Born Marilyn Anne Jones in Kewanee, Illinois, she and her family weathered the Great Depression. The eldest of four children, Marilyn was bright and beautiful as a girl and young woman. She graduated with distinction from Kewanee High School and received a scholarship from the Baker Fund which allowed her to attend two years at Monmouth College where she pledged Pi Beta Phi. After that she worked for the Burlington Railroad in Chicago before accepting a position with the U.S. Army as a civilian employee at the Oakland (CA) Army Base. After the war ended, she returned to Kewanee and worked for several years at the Welch Law Offices. In 1948 she became acquainted with a newcomer to Kewanee, C. William Altman, who had come to town to help his sister and her husband launch a women’s clothing store. Marilyn and Bill were married on August 19, 1949. A son, John, was born the following year, followed by son James and daughter Barbara. Throughout the fifties and early sixties, Marilyn was a stay-at-home mom while remaining active in the League of Women Voters and the Tuesday Club.
In 1965 Marilyn and Bill decided they would move to Santa Barbara. They arrived on a gloomy Tuesday in June, 1966. The family stayed at the Motel Six on East Beach before moving to a rental and a year later to a house of their own on Mission Ridge Rd. During this time Marilyn worked at administrative positions in real estate and law offices. She plunged into Adult Ed and took classes in landscape painting and world affairs. She continued her work with the League of Women Voters. Later she decided to go back to school and finish her B.A. at UCSB. In 1975, she graduated, summa cum laude, with a degree in art history. Her experience as a re-entry student was very rewarding and her family benefited from her vast erudition in both European and Asian art.
Marilyn and Bill travelled extensively in Europe for many years, including several year-long stays in France. She treasured her French and Dutch friends.

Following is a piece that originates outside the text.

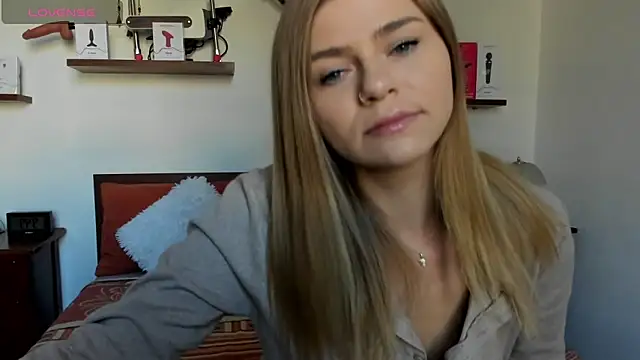 HaleyReedme online show from 10/03/25, 07:54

In 1998 Marilyn and her dear friend, Janet Larson, founded The Fourth Wednesday Book Club which focused on books about American history. The book club is still going strong, a tribute to its founders. She also found time to participate in a local garden club and volunteered for the City of Santa Barbara’s Architectural Survey, going door-to-door to create a catalog of architecturally significant houses. She served on the boards of two homeowner associations. She and Bill also attended classical music concerts at UCSB and at the Lobero. For many years, Marilyn was a member of the “Ahmanson Group,” six friends who attended plays together at the Los Angeles Music Center.

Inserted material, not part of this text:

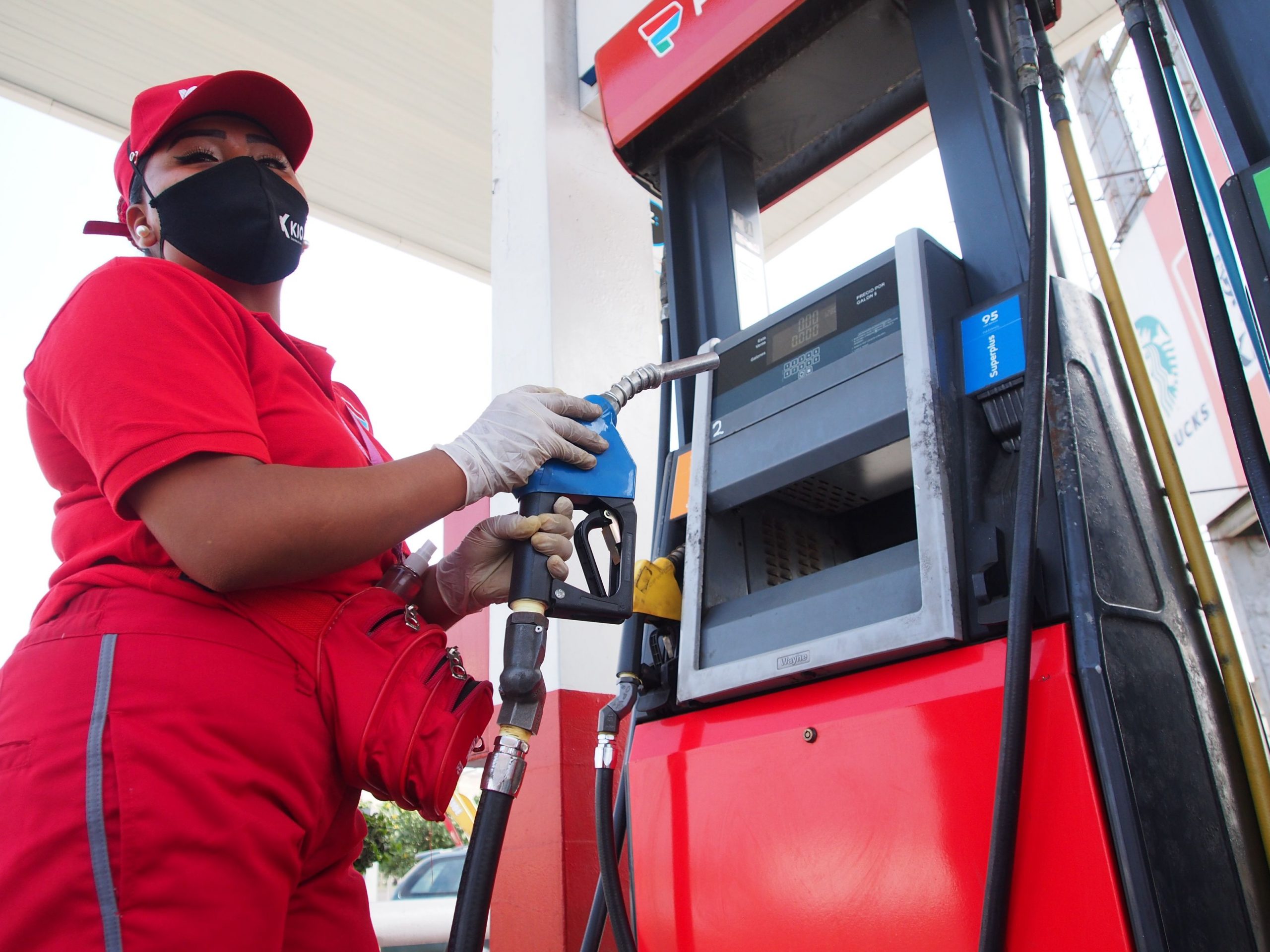 După mai multe scumpiri masive, prețul petrolului a scăzut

A lifelong reader, Marilyn’s favorite authors included Jane Austen, Alice Munro, Iris Murdoch and John McPhee.
Marilyn’s children remember with particular appreciation (and wonder) her willingness to engage with their music. She could, for example, list her favorite songs from the “Aftermath” album by the Rolling Stones.
Marilyn was an avid walker and hiker, all around Santa Barbara and on the front country. She enjoyed a backpacking trip in the Sierra Nevada in the 1970s.

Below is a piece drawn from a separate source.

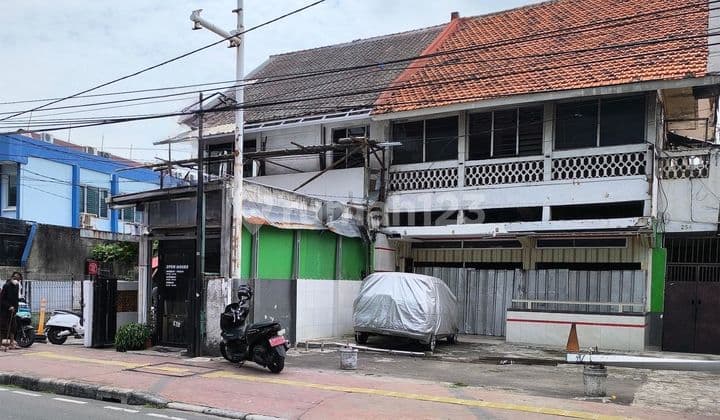 Rumah Murah Lokasi Sangat Strategis Cocok Usaha Salemba Jakarta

Some of Marilyn’s favorite places included the Whale’s Tail bench at Shoreline Park, Jalama Beach and Figueroa Mountain.
Marilyn treasured her granddaughter, Eden Knox, and always enjoyed recalling their adventures together when Eden was little.
Marilyn was a devoted and fiercely loyal mother to her three children. She was not given to showy emotions, but her kids knew how much she loved them. She modeled kind and considerate behavior while avoiding self-aggrandizing display. She expressed a wish to live long enough to see Trump turned out of office. Those of us who continue on will do our best to make sure it happens.
A memorial gathering will be announced in the near future. Donations are encouraged to the World Wildlife Fund or The Nature Conservancy.